# Complete Hive Beetle Killer



## bluescorpion (Sep 6, 2012)

Hi All

I noticed that my hives are currently teaming with hive beetles. My traps are working great. Problem is they are full of hive beetles and I'm constantly having to replace the traps. Seems like this has started happening recently. I guess the beetles are looking for somewhere to call home before it gets too cold.

My question is what can I put in my hives that will kill hive beetles so I can install fresh traps for the winter.

Thanks for any input.


----------



## bluescorpion (Sep 6, 2012)

Hi All

I ran across another thread about feeding Wintergreen Grease. Has anyone ever tried this before? Does it really work? Wouldn't the crisco harm the bees? :scratch:


----------



## Eikel (Mar 12, 2014)

Personal opinion but the traps are what you put in the hives to kill the shb and wintergreen grease would make a better lip balm than shb treatment. IMHO


----------



## roddo27846 (Apr 10, 2017)

You might try these guys: http://beetlejail.com/ I have no experience with their products but they look good. Give us a review if you try them.


----------



## Eikel (Mar 12, 2014)

A friend was slammed with shb this year, started a limited use of the external beetle jail and is very satisfied with the results. The problems are they're not cheap and they are an external trap which deters beetles trying to enter but does nothing for the beetles currently in the hive. Requires a sizable investment if you run very many hives


----------



## Jadeguppy (Jul 19, 2017)

I suggest diatomaceous earth under the hives. Safe and kills larve and ants. I found that using it keeps shb numbers lower. Not positive, but I think it also kills adult shb.


----------



## bluescorpion (Sep 6, 2012)

Any luck with the Wintergreen Grease? It looks interesting but I didn't know if it would harm the bees. Here's a link

https://www.youtube.com/watch?v=amhWHNAF-OY&t=3s

https://www.youtube.com/watch?v=D_xdpRR0TOs&t=7s


----------



## Eikel (Mar 12, 2014)

I'm hesitant to "condemn" any method that I don't have specific experience with but I've only associated grease patties with a tracheal mite treatment. I've also not seen any type of a scientific/quantifiable study relating any success with wintergreen and grease so I'll just say I'm extremely skeptical.


----------



## GSkip (Dec 28, 2014)

bluescorpion said:


> Hi All
> 
> I noticed that my hives are currently teaming with hive beetles. My traps are working great. Problem is they are full of hive beetles and I'm constantly having to replace the traps. Seems like this has started happening recently. I guess the beetles are looking for somewhere to call home before it gets too cold.
> 
> ...


What beetle trap are you using? I use the Beetle Blaster which works very well if you put about a 1/4 inch mineral oil in it. Not sure what you can use in the hive external of the trap to kill them. I use one to two blasters per brood box and super.


----------



## beepro (Dec 31, 2012)

Unless you are running many traps inside, eventually the filled up traps must be empty out to
rebait the hives. I don't have any shb experiences but common sense to me is what you put in
must be taken out when they are full just like the garbage can on trash collection day. The more you
trap initially will reduced their population making cleaning less often unless your area is really infested.


----------



## ruthiesbees (Aug 27, 2013)

I use DE on all my solid bottom boards under the screened bottom of the hive. Need to keep the bees out of the DE, and keep the DE dry. Works great for catching larvae and adult SHB's. Especially helpful if you pull all the frames out and dust with powdered sugar since the bees start grooming and I get lots more adult SHB in the dust after that.

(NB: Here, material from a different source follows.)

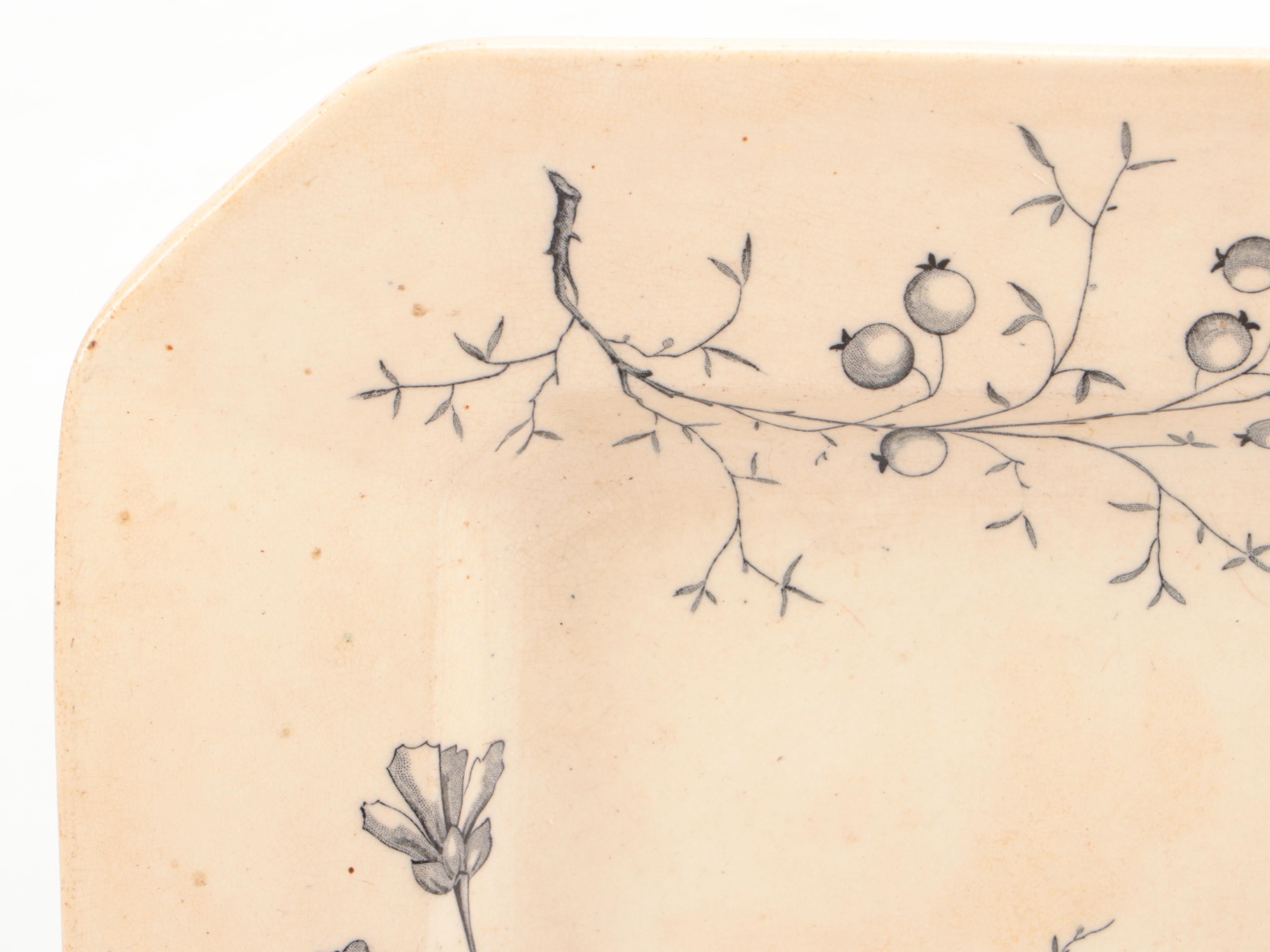 Aesthetic Movement Style Brown and Blue Transferware Platters, Late 19th Century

Here's a video from my topbar hive using the DE. https://www.facebook.com/topbarbeehive/videos/1756058667753989/


----------



## Eikel (Mar 12, 2014)

Last year the shb hit me hard, ran two beetle blaster traps in almost every box but never felt like I was gaining on them. Out of pure frustration I cobbed together a beetle vac, not my first choice as it's labor intensive to go trough each hive and each frame but it did knock their numbers down. Just another alternative for when the fun meter is pegging.


----------



## westtnbeekeeper (Oct 26, 2015)

Hive beetles have been a nasty problem for me this year. Lost 1 larger hive to some other problem then the beetles took over. Very gross. Also lost 2 splits to them around mid august. 

I picked up a bottle of gardstar and I was wondering when the best time to apply would be. I assume it would be during a time of minimal bee activity as this is pretty nasty stuff and just about anything that contacts it would surely die. Active ingredient Permethrin. The bottle says to mix .17ml per gallon of water for apiaries in the evening at a rate of 1 gallon per 6 hives. Also states that it is better to use on sites prior to establishing the apiary... Too late for that. 

Also I found nothing in the fine print about residual effectiveness or how long this stuff is supposed to last. Seems like 3 to 6 months rings a bell from some prior research but I am not sure. My plan for now is to apply this stuff late winter to early spring when there is a decent cold snap forecast and rain to wash the chemical into the ground and in the mean time keep the traps going and smash as many as I can on inspection days.


----------



## enjambres (Jun 30, 2013)

I've gotten so I can just squash the adults with my bare finger tips. They make a satisfying little crunch and not too much goo. Trying to apply the famous "hive tool test" was too cumbersome, and the beetles usually escaped. 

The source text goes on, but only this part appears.